Mary Brosnahan, the executive director of the New York City-based Coalition for the Homeless, said about 70 percent of those who attack the homeless are under the age of 25, and many are between the ages of 13 and 19.

"It's incomprehensible, and I think that it really starts with the parents' attitudes toward poor people," Brosnahan said. "For some people, they've stopped seeing them as people without homes. ... They're seeing them as subhuman."

Further fueling this "bum bashing" trend is the "Bumfights" video series, Brosnahan said. Widely popular among teenage boys, the DVD series casts violent pranks and physical assaults on homeless people in a humorous light.
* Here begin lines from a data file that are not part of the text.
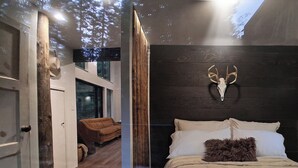 Un dormitorio con cama, cabecera de madera, cráneo de animal montado en la pared y ventana con vista a árboles.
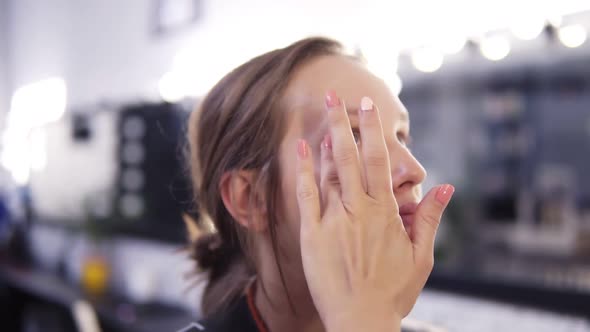 Makeup Artist Applies Foundation of a Beautiful Young Girl in the Makeup Studio Using Fingers and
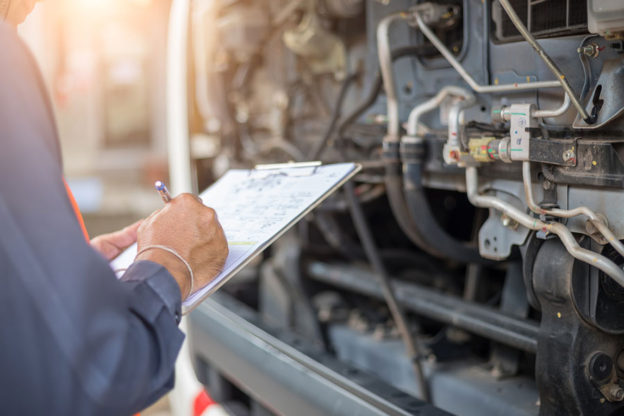 driver going through commercial truck maintenance checklist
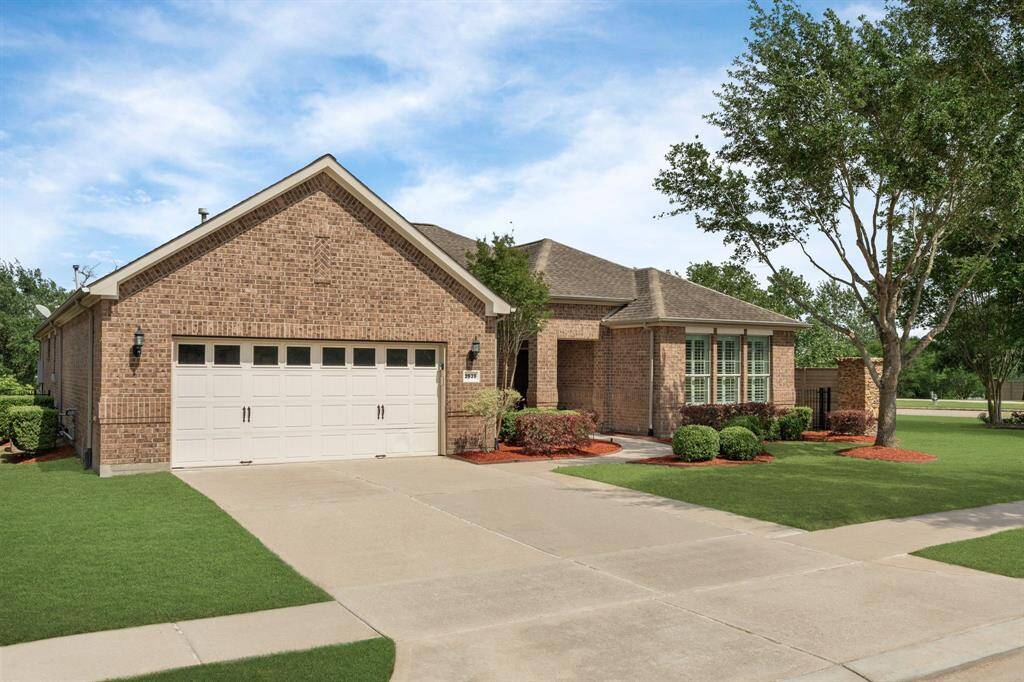 The windows on the garage door bring in natural light, creating a brighter, more inviting space as you enter the garage.
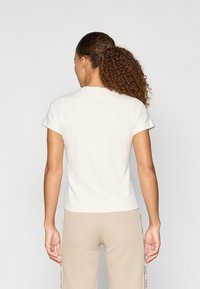 Camiseta de algodón cremosa con mangas cortas, cuello redondo y una forma ajustada. Vista desde la parte de atrás, combinada con pantalones beige que presentan detalles laterales.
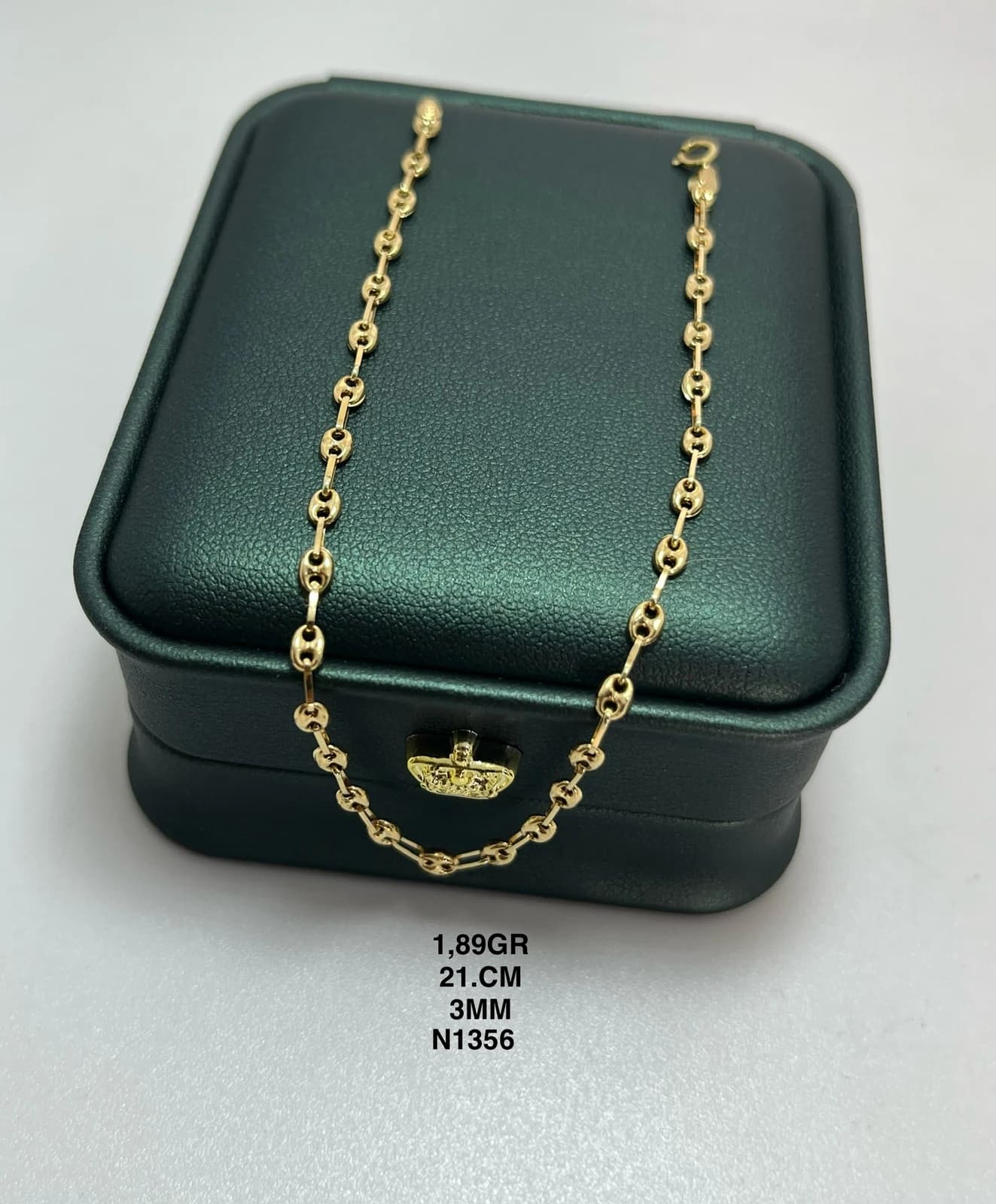 Pulsera de eslabones ovalados sobre un estuche verde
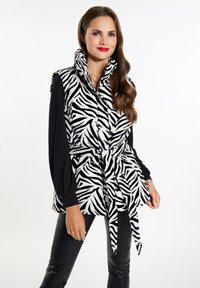 Длинный жилет Длинный жилет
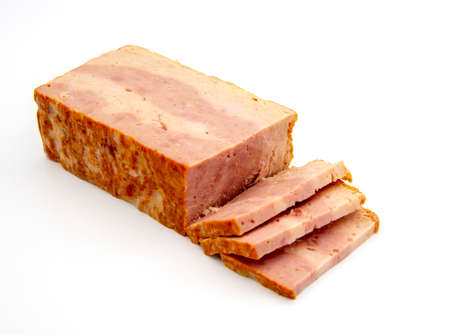 A delicious piece of smoked-boiled brisket with slices on a white background.の写真素材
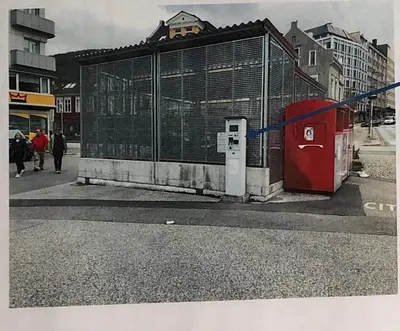 a building with a gate on the side of a street at Villa Skansen in Bergen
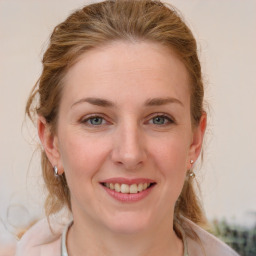 Joyful white young-adult female with medium  brown hair and blue eyes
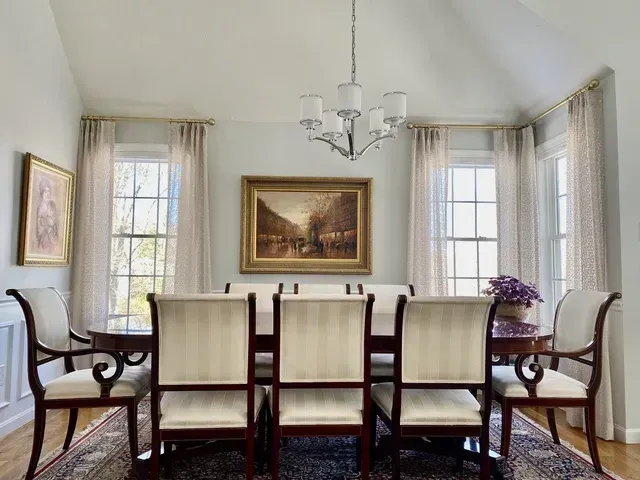 Elegant dining room with chandelier, oval table set for eight, artwork, and windowed walls.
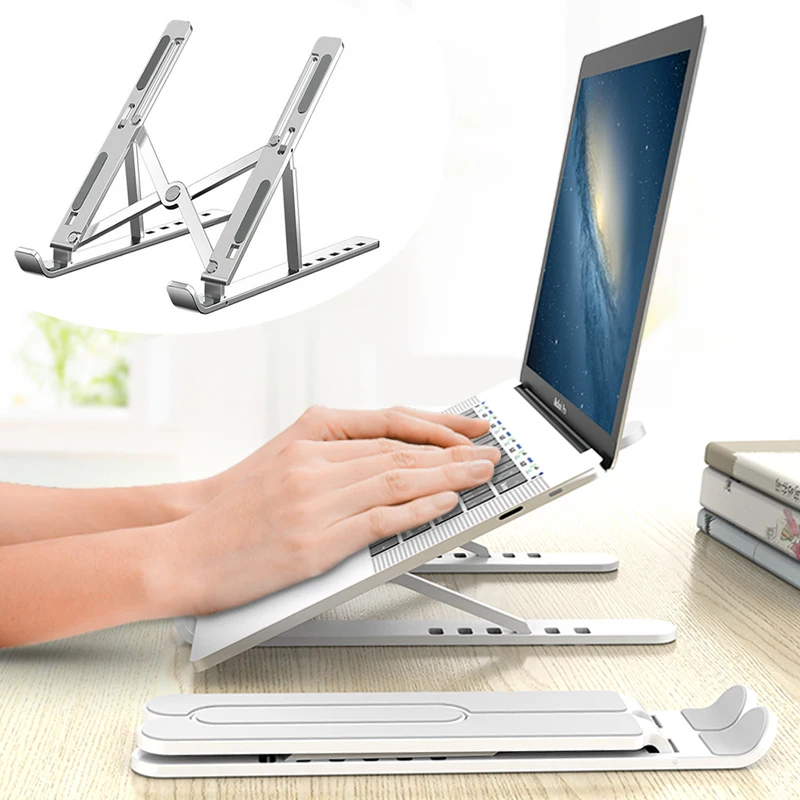 Portable Laptop Stand Foldable Support Base Notebook Stand For Macbook Pro Lapdesk PC Computer Laptop Holder Cooling Pad Riser
Portable Laptop Stand Foldable Support Base Notebook Stand For Macbook Pro Lapdesk PC Computer Laptop Holder Cooling Pad Riser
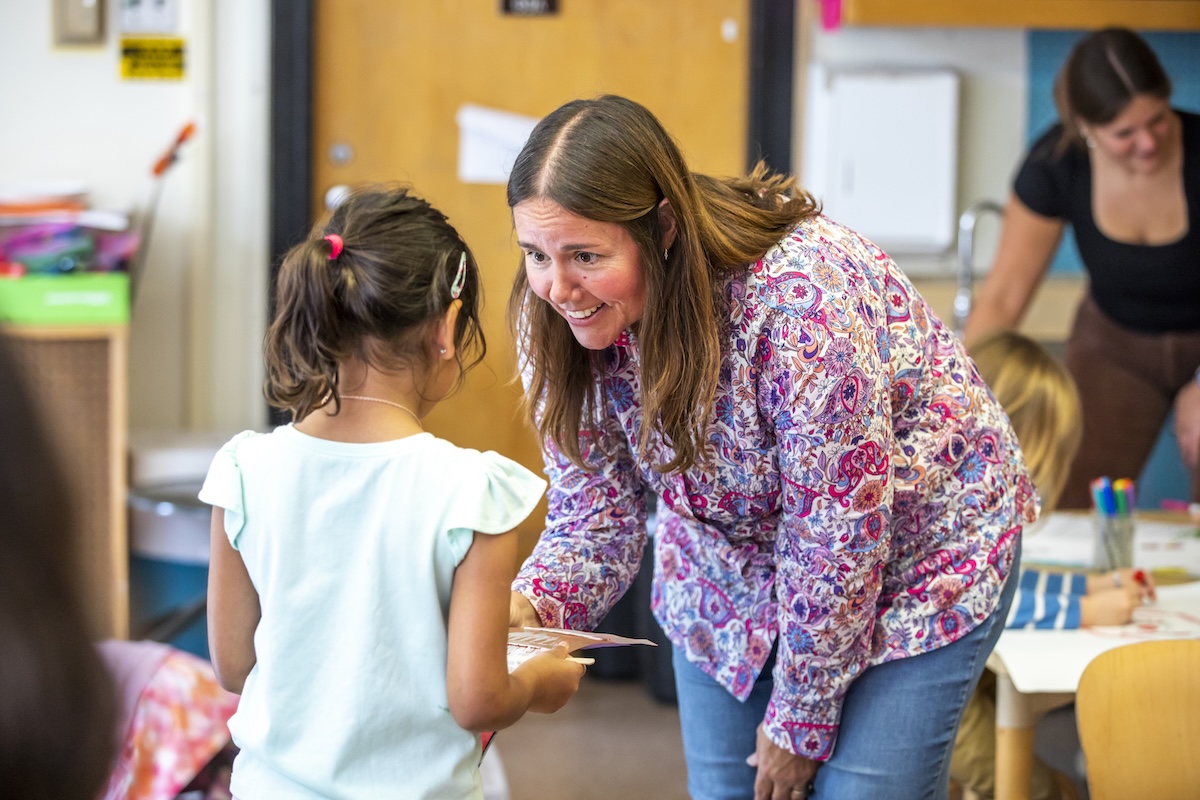 A teacher talking to a student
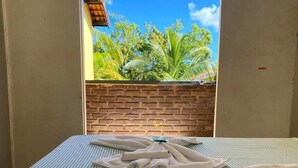 Una habitación con una cama, vistas a la vegetación a través de una ventana y una pared de ladrillo.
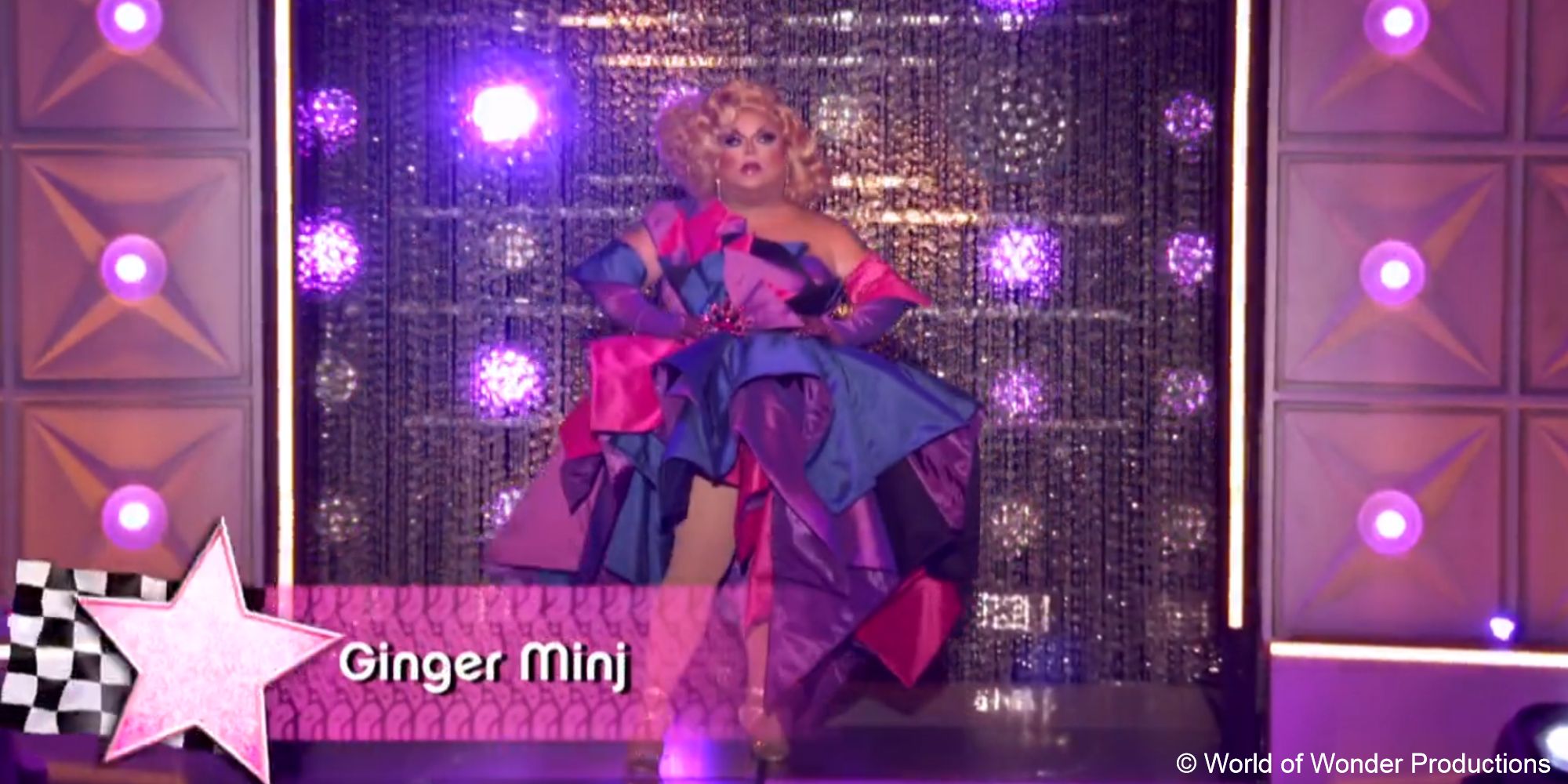 A still of drag queen Ginger Minj wearing a frilly blue, pink, and purple gown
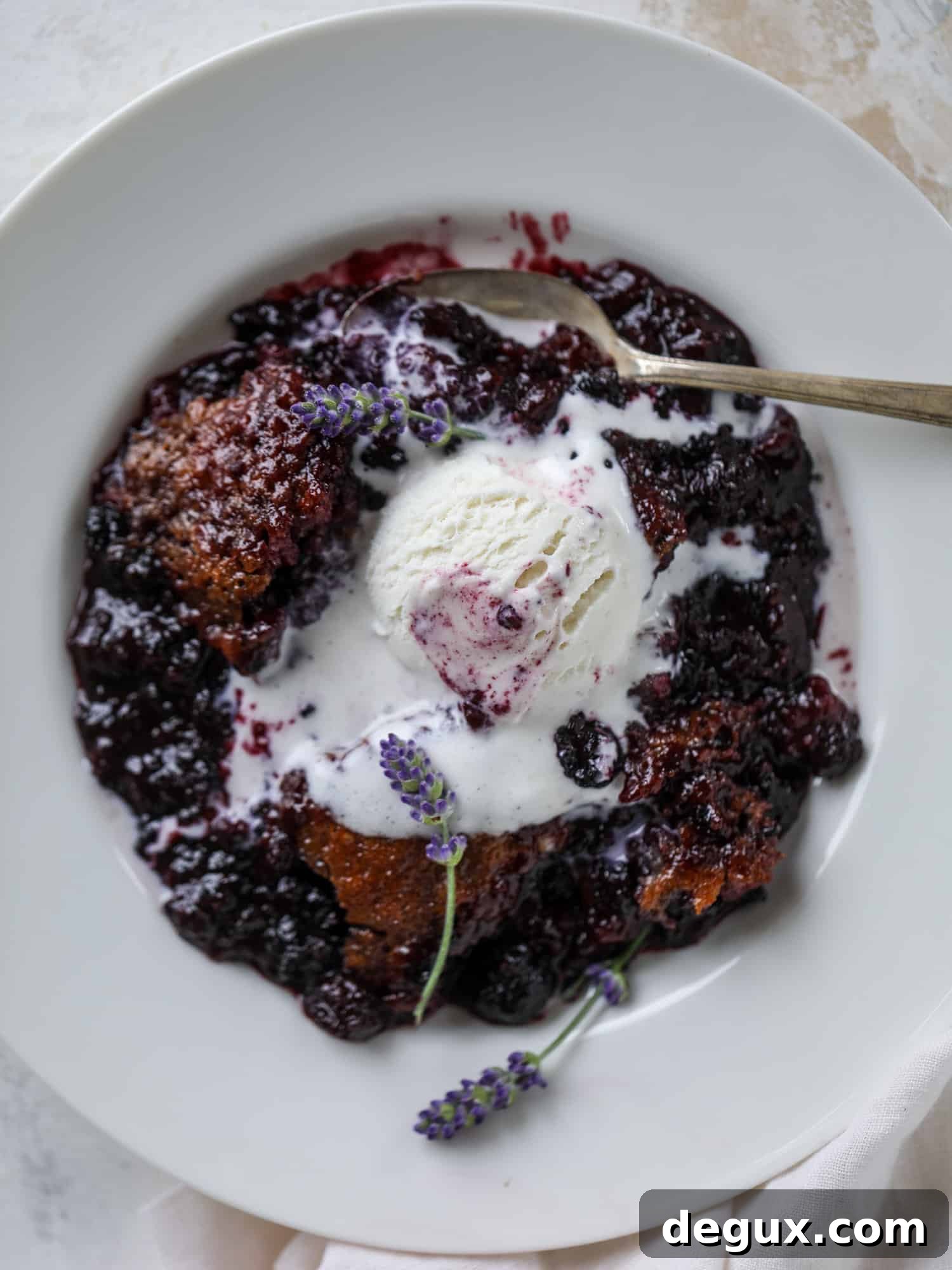 Black Raspberry and Lavender Cobbler Recipe for Summer Desserts 8 This black raspberry cobbler is a summer dream come true! The bursting black raspberries are rich and sweet, then add in a touch of lavender for incredible flavor and you're all set. The cobbler cake topping is perfect for vanilla ice cream. Win! I howsweeteats.com #black #raspberry #cobbler #lavender #summer #desserts #icecream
"It's really shocking, because it's everything from getting people with alcohol problems drunk and having them fight each other to [an actor] actually stalking homeless people that are asleep and then assaulting them. ... And this is supposed to be funny," Brosnahan said.

Altering the Experiment

For the people who stepped up to protect our homeless man, the situation was no laughing matter -- they were angry and quick to react. We wondered if the same reaction would occur if the teen harassed a homeless woman. Though our taunters' actions were less physical (no bat involved), the bystanders' responses were even faster and more physical.

One man, Mijo Suric, jumped in immediately when he saw the teens taunting the homeless woman. Suric yelled at the trio and shoved one of the teens who wouldn't step away from the woman.

"We do see women as more vulnerable, more helpless," Keating said. "That's the stereotype and that might have promoted even quicker action."

The woman victim not only elicited a quicker response but also an extra touch of compassion. After chasing the teens away, one person offered the homeless woman money. Others offered rides, and apologized to her for the teens' behavior.

A Community at Work

For both the homeless man and woman, members of this community stepped in within seconds, but rarely did they work alone. Time and again, small crowds gathered to surround the aggressors.

"When we have a sense of community, we're empowered," Keating said. "And it was as if the people who intervened were saying, with their anger, 'Not here, not now, not in my town.'"

Brosnahan admits it's heartening to see so many identify with the plight of someone less fortunate.

"What I try to think of is, I didn't know this person growing up but can guarantee this isn't how they wanted to turn out," Brosnahan said. "They have the same dreams we do."

That's a sentiment echoed by Teresa Fuller, one of our victim's champions: "A lot of us are one paycheck away from being homeless ourselves."